Lone Survivor by Marcus Luttrell

Lone Survivor by Marcuss Luttrell
Marcus Luttrell grew up big and strong in east Texas, wanting to be a Navy SEAL. Lone Survivor is his account not only of how he became one of the world's elite warriors, but also of the battle in the Afghanistan mountains that claimed the lives of those fighting with him and those who came to rescue them. Early on, Luttrell offers plenty of bluster and brag about how the SEALs are the best of the best of the best, and how no one else on the planet even comes close to their level of training and expertise. Just past the point of this seeming like a lot of hot air and chest thumping with little evidence to support it (beyond the reader's own understanding and respect), Luttrell takes the reader through the training process for becoming a SEAL-- a harrowing journey that few are able to complete. We get a nearly blow-by-blow account of each step of the process as recruit after recruit drops out. Following these accounts, the machismo seems well-earned. The book begins with descriptions of Luttrell and his SEAL team being deployed to Afghanistan, and the first half of the book builds the foundation for the action-packed second half where Luttrell describes the battle between the four SEALs and a substantially larger Taliban fighting force.
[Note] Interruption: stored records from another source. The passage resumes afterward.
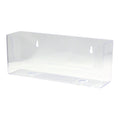 Deflecto Wall Mount Brochure Holder DL Landscape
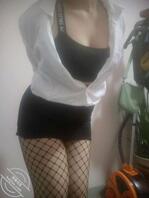 高中反差女友2，先放自拍供欣赏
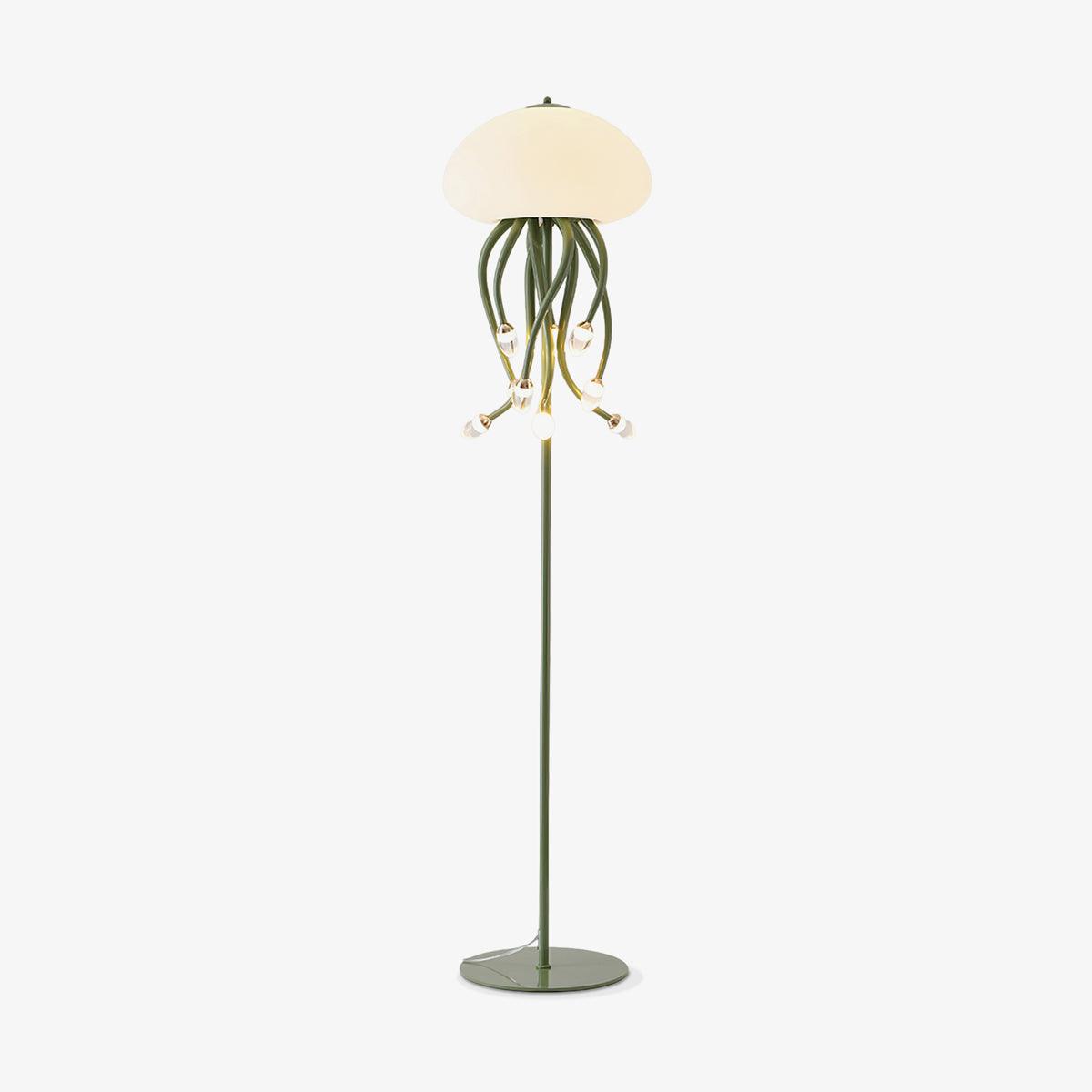 JELLY FISH FLOOR LAMP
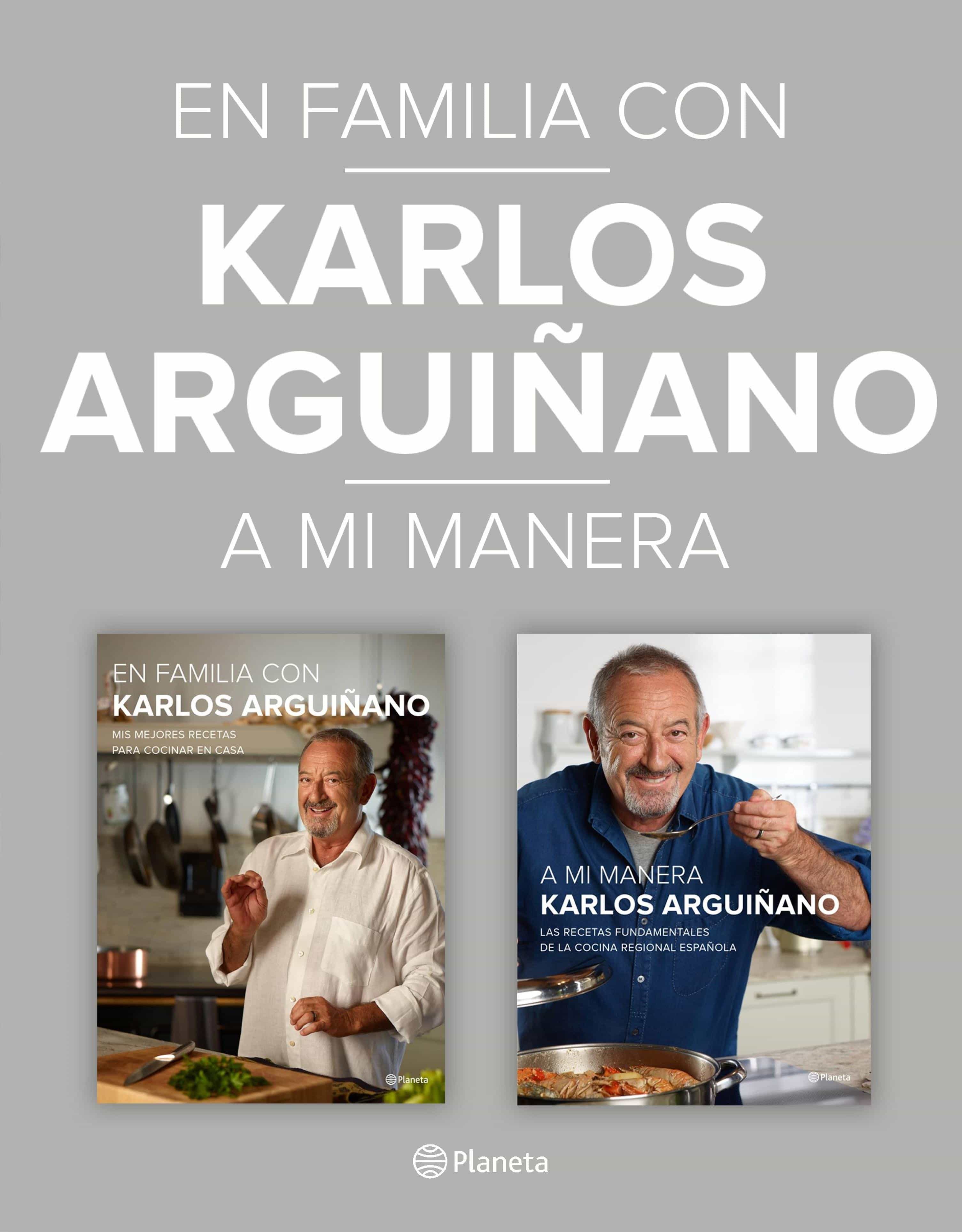 Libros de KARLOS ARGUIÑANO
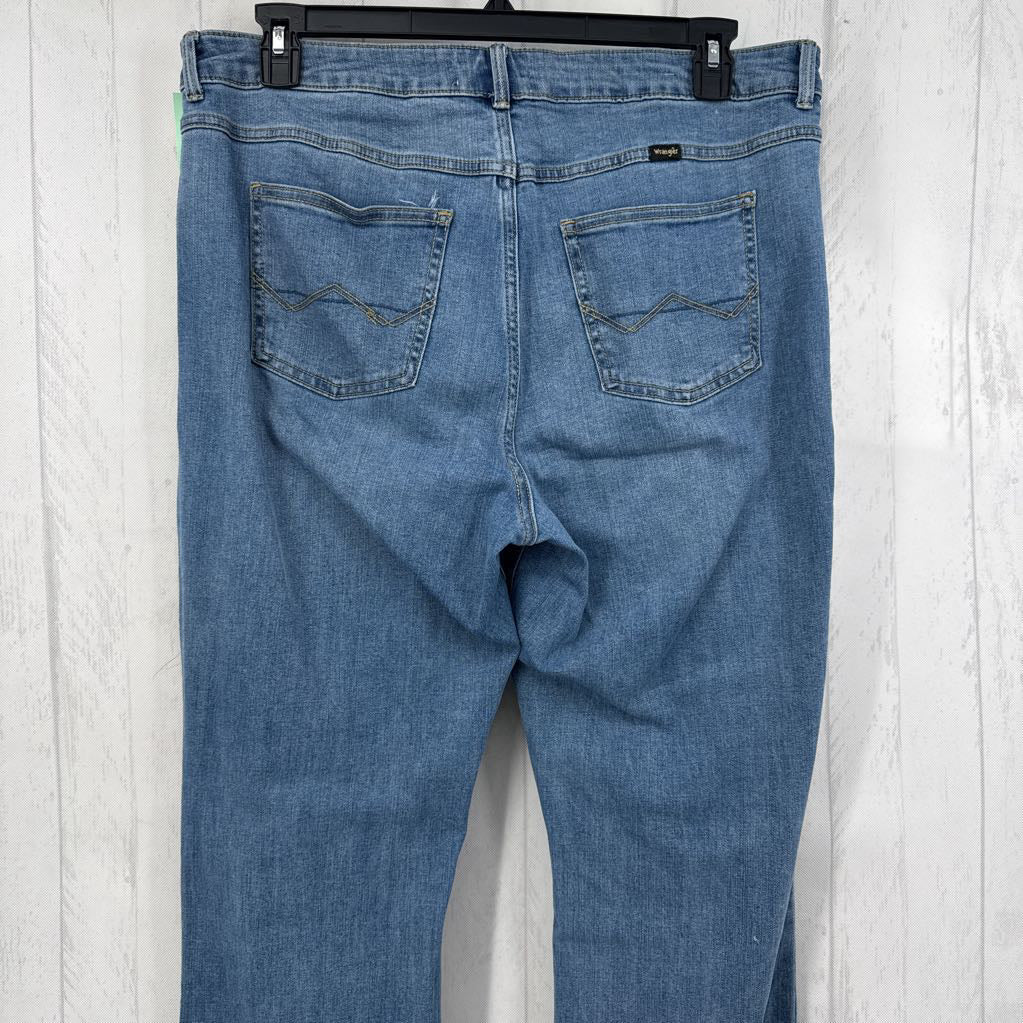 16 bootcut jeans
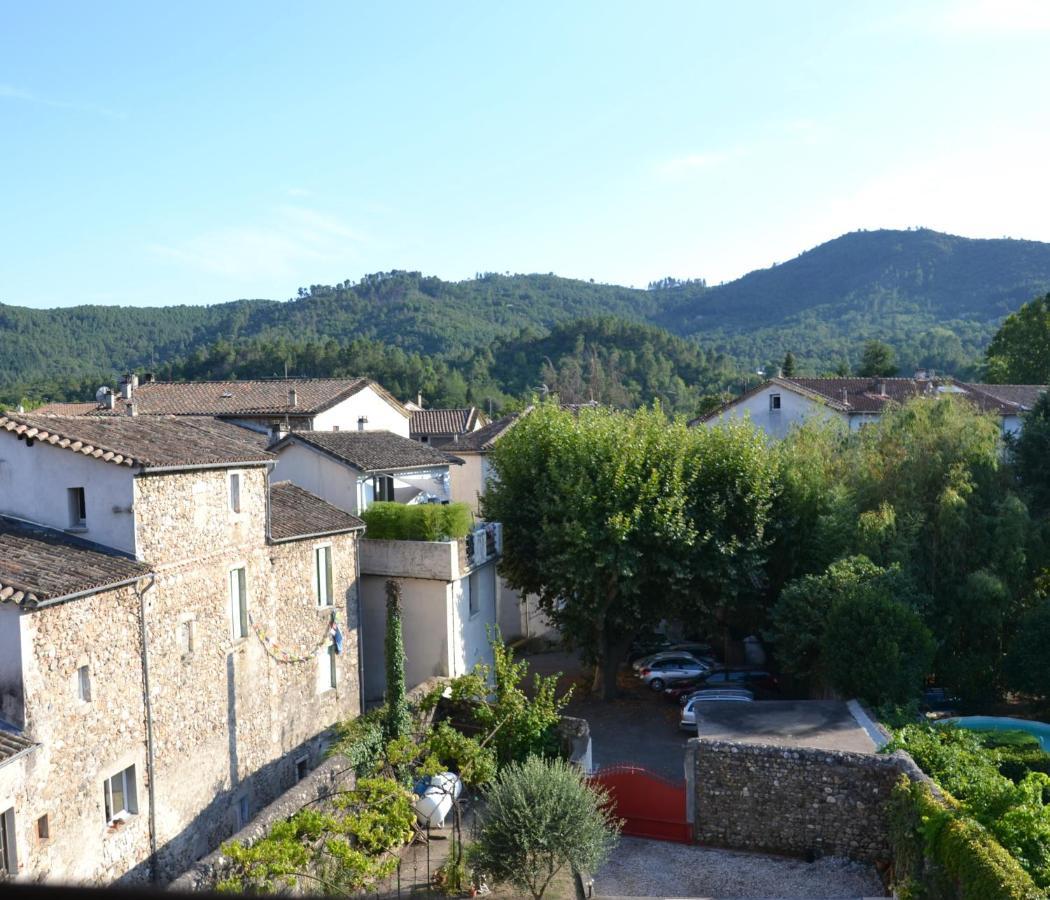 Vista Cevenol: Appartement 2 Chambres Saint-Jean-du-Gard Kültér fotó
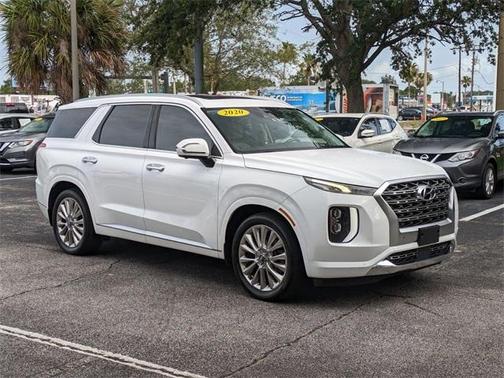 2020 Hyundai PALISADE Limited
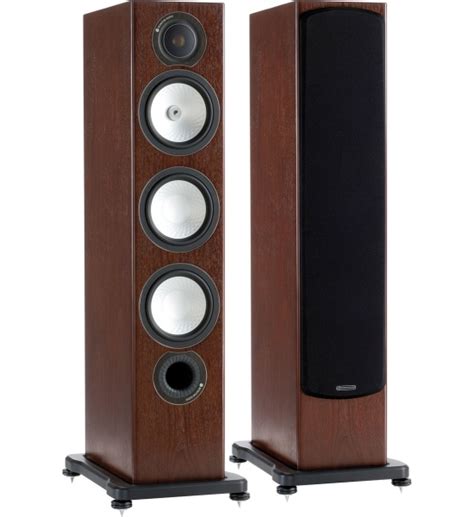 Monitor Audio Silver Rx8 Floor Standing Speakers Review And Test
This is a book that I've been recommending to students for several years based on their response to it. I've added a number of copies of the title to the library over the years, and still it is almost always checked out. Only when an electronic copy in our eLibrary came available did I finally get the chance to read it. I'm glad I did. Luttrell's ghost-writer comes through only occassionally, primarily in the narrative structure of telling the divergent pieces of the story. It is Luttrell's voice that we hear throughout, the voice of a warrior rather than a writer, and in that we hear the supreme confidence of an elite fighting force.